Mentre il ministro italiano per la transizione ecologica, Roberto Cingolani, ha chiesto venerdì al G20 sul clima a Napoli "un'accelerazione molto forte verso le energie rinnovabili", in Italia sta emergendo un divario tra la volontà politica dichiarata sul fronte del clima e le conseguenze di questi impegni per chi dovrà attuarli. Tanto che lo stesso ministro non ha paura di contraddirsi ogni pochi giorni.
Il piano presentato da Ursula von der Leyen il 14 luglio, intitolato Fit for 55, che mira a fare dell'Europa il primo continente a raggiungere la neutralità del carbonio entro il 2050, sta suscitando molta preoccupazione nel cosiddetto Governo dei migliori di Draghi come negli ambienti professionali direttamente interessati, industria automobilistica in testa che non sarebbe in grado di adeguarsi alla velocità della transizione imposta.
L’Europa chiede infatti che nel 2035 non si vendano più auto a benzina o diesel, ma solo elettriche e a idrogeno.
Oltre a questo, ci sono preoccupazioni per il pesante costo di questa transizione energetica per le famiglie e le imprese.

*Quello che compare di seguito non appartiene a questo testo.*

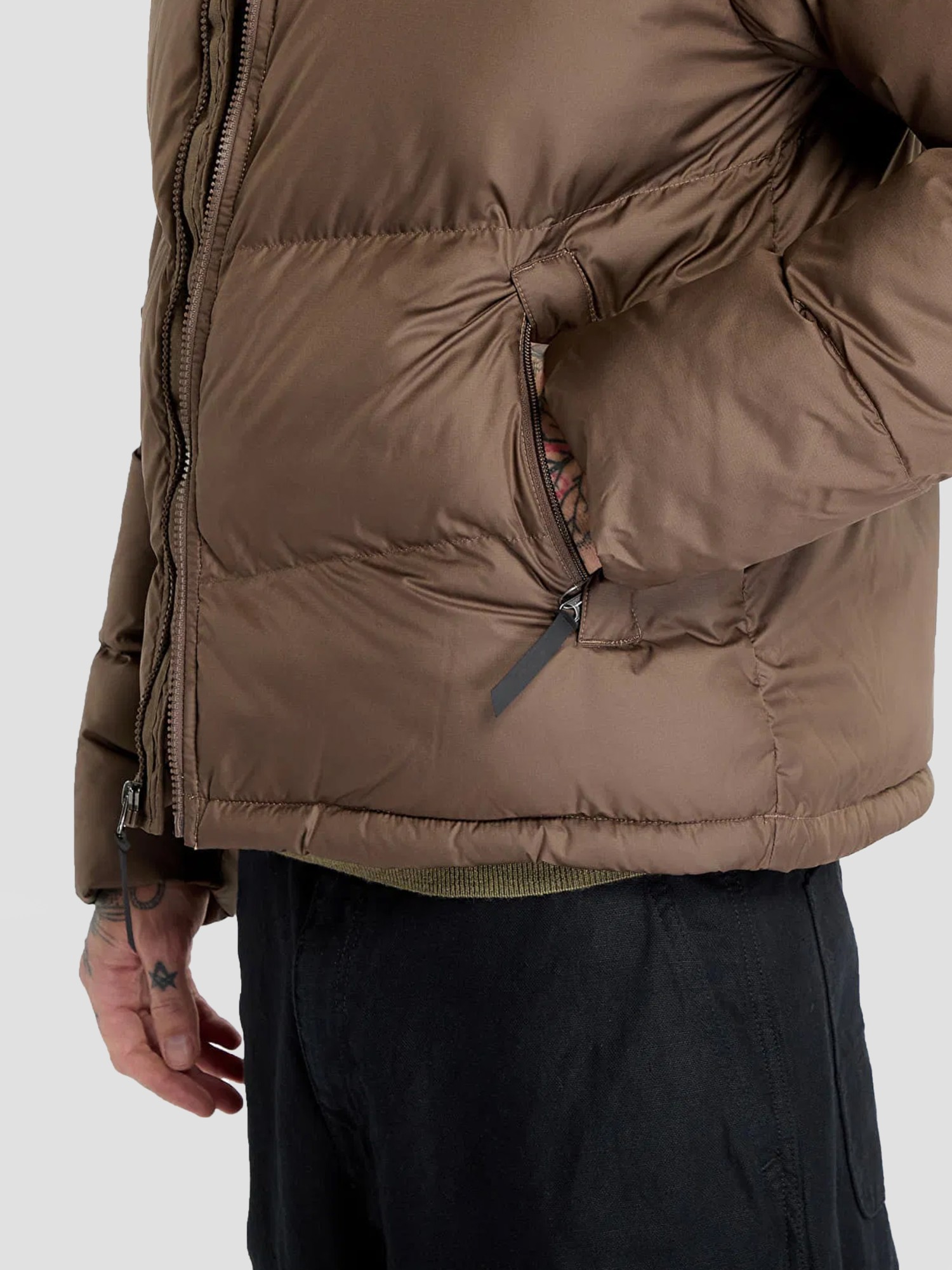 Зимняя куртка мужская The North Face Saikuru коричневая NF0A853I7O31 изображение 6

Sarà reso più costoso dall'aumento della tassazione e dall'estensione delle quote di emissione di carbonio al trasporto marittimo e aereo, poi nel 2026 al trasporto stradale e agli edifici. L'impennata del prezzo delle quote di emissione sull'elettricità ha recentemente causato un aumento del 20% delle bollette elettriche, costringendo il governo italiano a limitare l'aumento. Mentre è previsto un fondo sociale per il clima, si teme che il costo crescente alimenti il risentimento che la popolazione inizia ad avere nei confronti delle linee guida progressiste imperanti nella UE.
Peraltro, l'Europa, che ha già ridotto le sue emissioni del 35% negli ultimi 15 anni, farà sforzi enormi anche se genera solo l'8% delle emissioni globali. I suoi sforzi da soli non saranno sufficienti", ha concordato Roberto Cingolani, a margine del G20. Il rischio è che se gli altri paesi non seguono l'esempio, le loro emissioni di CO2 compenseranno le nostre riduzioni, il sistema crollerà e nel frattempo noi resteremo senza soldi.

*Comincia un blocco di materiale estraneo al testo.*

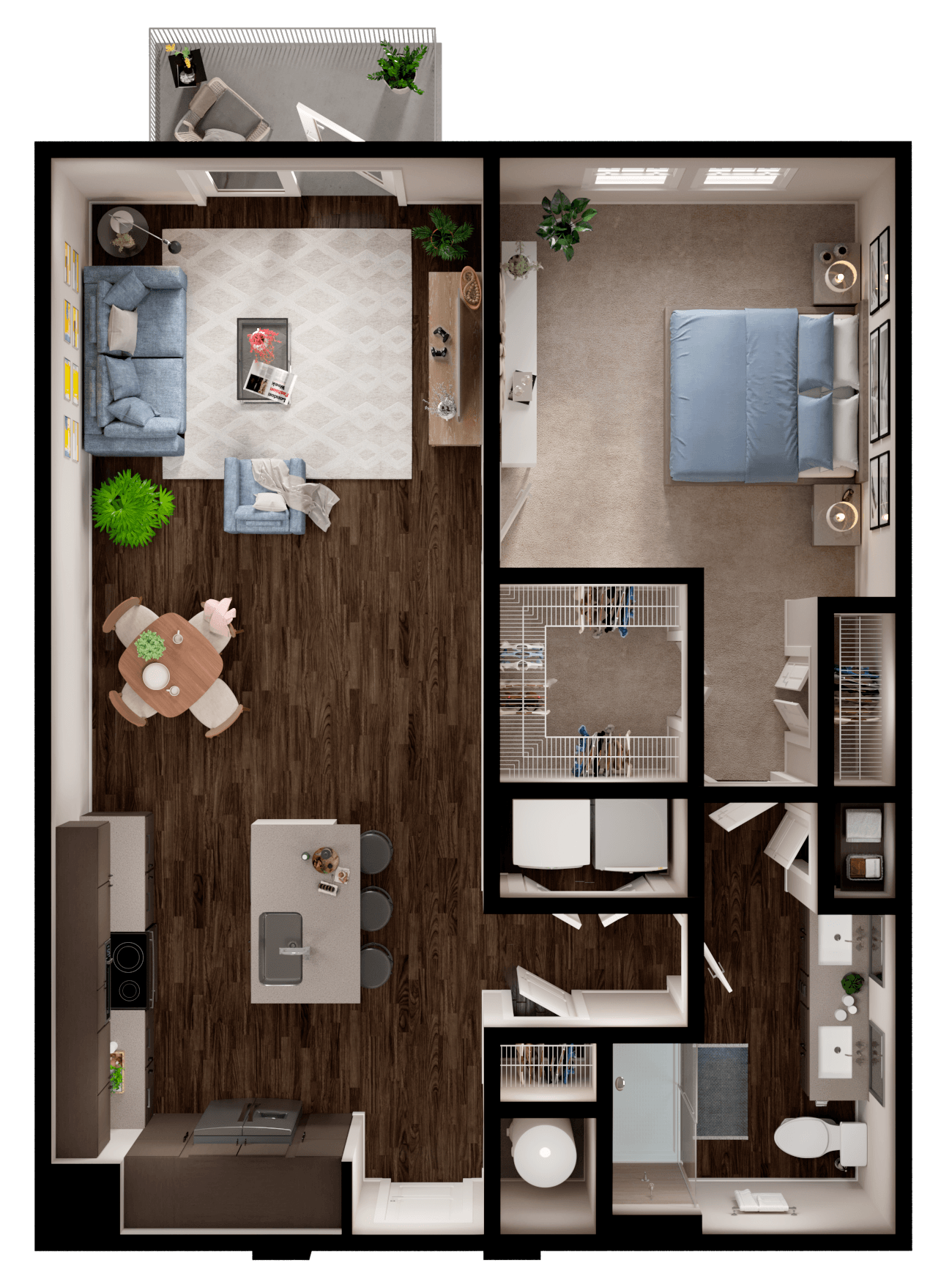 A6 floor plan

E qui sta il bello perché al G20 Cina e India non hanno sottoscritto due punti cruciali del piano, “per le nostre economie è troppo costoso impegnarci a mantenere il riscaldamento globale sotto 1,5 gradi entro il 2030”, hanno sostanzialmente dichiarato i delegati dei due paesi.
L’inviato americano, John Kerry, e il ministro italiano Roberto Cingolani, puntavano a mantenere il riscaldamento globale sotto 1,5 gradi al 2030 ed eliminare il carbone dalla produzione energetica entro il 2025, ma Pechino e New Delhi si sono opposte e l’accordo finale è stato rinviato al G20 dei capi di Stato e di governo di fine ottobre a Roma. Si tratta di due elementi chiave, scrive Reuters, che potrebbero mettere a rischio la speranza di ottenere un’intesa significativa.

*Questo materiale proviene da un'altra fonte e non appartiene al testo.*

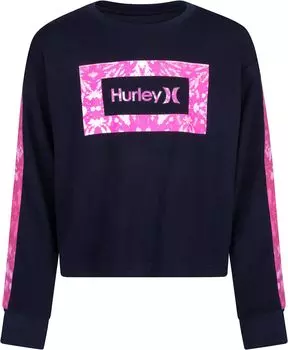 Топ Hurley French Terry Crew Neck Top, черный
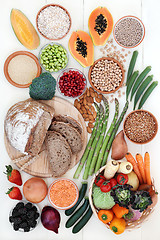 Image showing Healthy High Fibre Food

Così dopo avere rischiato di vedere sfumare la trattativa si è arrivati a un compromesso: su un totale di 60 paragrafi previsti il documento firmato da tutti ne conta 58. Non ci sono gli impegni a mantenere il riscaldamento globale sotto 1,5 gradi al 2030 e a chiudere tutte le centrali a carbone entro il 2025. Ciò che non è stato condiviso verrà rimesso nelle mani dei capi di governo in sede di G20 a ottobre e alle trattative della conferenza Cop26 sui cambiamenti climatici, che si terrà a novembre.